People filing the orders can in some instances all too easily concoct stories and receive an order of protection without any substantial evidence to back up the need for one. In some cases they can feasibly label someone a stalker or abuser – and merrily file an order that becomes a black mark on public record – on a veritable whim.

Such a whim can disrupt, unravel or downright ruin a life. “Publishing children’s humor had been my dream,” Greene writes in his newly-released blog that speaks out against restraining order abuse. “Now…I’m not confident I could qualify for a job as an elementary school librarian without administrators feeling uneasy.”

And the orders stick around on your record well, forever. “It basically stays with you until you’re dead,” Greene said of the harassment injunction filed against him in 2006. “The only way to get rid of it is for the other party to agree to drop it.”

He’s been there.

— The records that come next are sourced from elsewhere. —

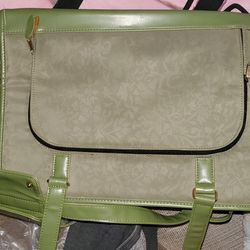 New Pet Purse Carrier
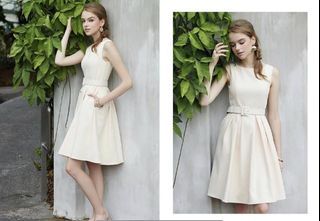 Intoxiquette Belted Flare Dress in Cream XS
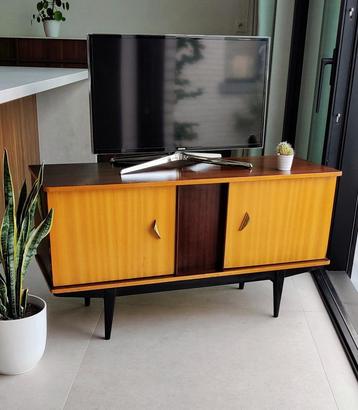 Prachtig vintage TV-meubel beschikbaar voor biedingen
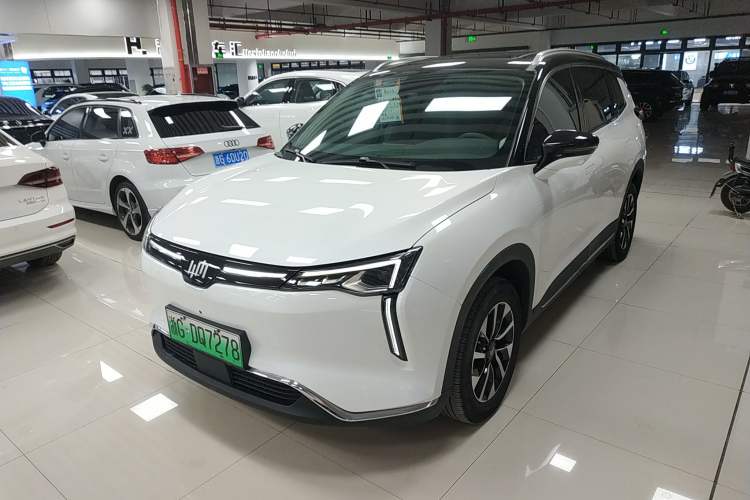 Used WM Motor W6 2021 520 km NEX Exploration Edition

Tried that. Although he knows the woman has since fled the state, she has not responded to the letters Greene has sent to her new address.

When the order was initially filed, Greene said he received a scant 30 minutes in court to contest the order in the hopes of getting it dropped. That didn’t work, either.

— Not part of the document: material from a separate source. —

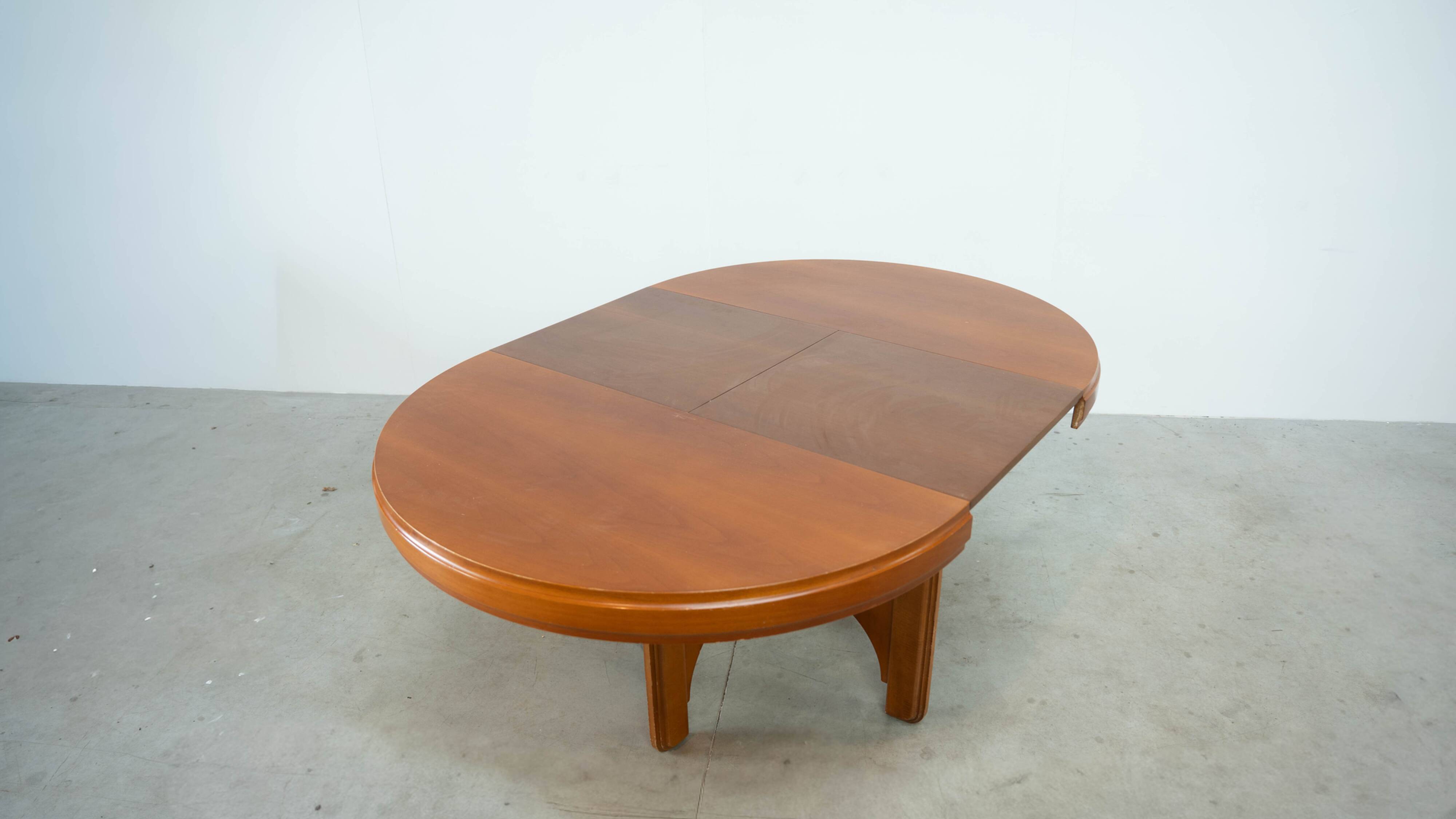 Italian sculptural dining table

He now has a lawyer, a headache and a newfound anger and morbid sense of doom. The latter tends to put a damper on his lively children’s book writing.  “You can’t write humor when someone says ‘This guy is some kind of creep,’” he explains. Greene now prunes trees for a living.

Statistics on restraining order abuse are tricky since, like Greene’s tale, it frequently boils down to a he-said, she-said debate where judges more frequently than not are wont to believe the woman. It’s tough to say which orders are backed up by real threats and which are backed by lies. Radical groups on one end of the spectrum will have you believe that none are backed by lies and no woman would ever abuse the very orders meant to protect them.

Greene knows otherwise.

His ordeal started innocently enough, with the woman boarding her horse and developing a friendship. It was hard not to start up a friendship, Greene says, since she picked a stable he had to walk past daily. And the fact that she began to hang around at all hours of the day and night – at least once staying over until 2 a.m.

As their relationship developed, Greene says so did her flirty ways. She’d waggle her face near his as if to tease a kiss. She talked about how she’d look in lingerie or as the subject of a gargantuan nude portrait. She’d bend over and gaze in his direction, her fanny held high in the air.

Although her tactics may have been tacky or even corny, Greene says she seemed sincere enough – although any time he’d make a move to reciprocate her advances, she’d shut down and find reason to flee.

He let it go and stopped advancing, focusing instead on the friendship. Until one day she removed her horse while Greene was at work and simply disappeared. An official court document was soon delivered, stating he had a harassment injunction filed against him because he might cause “great or irreparable harm” to the woman’s husband.

He did not even know she was married and he had certainly never met the man, much less intend to irreparably harm him – or anyone. But his word remains weak in the great face of court documents, documents that have the power to create more victims than they help if the orders continue to be abused.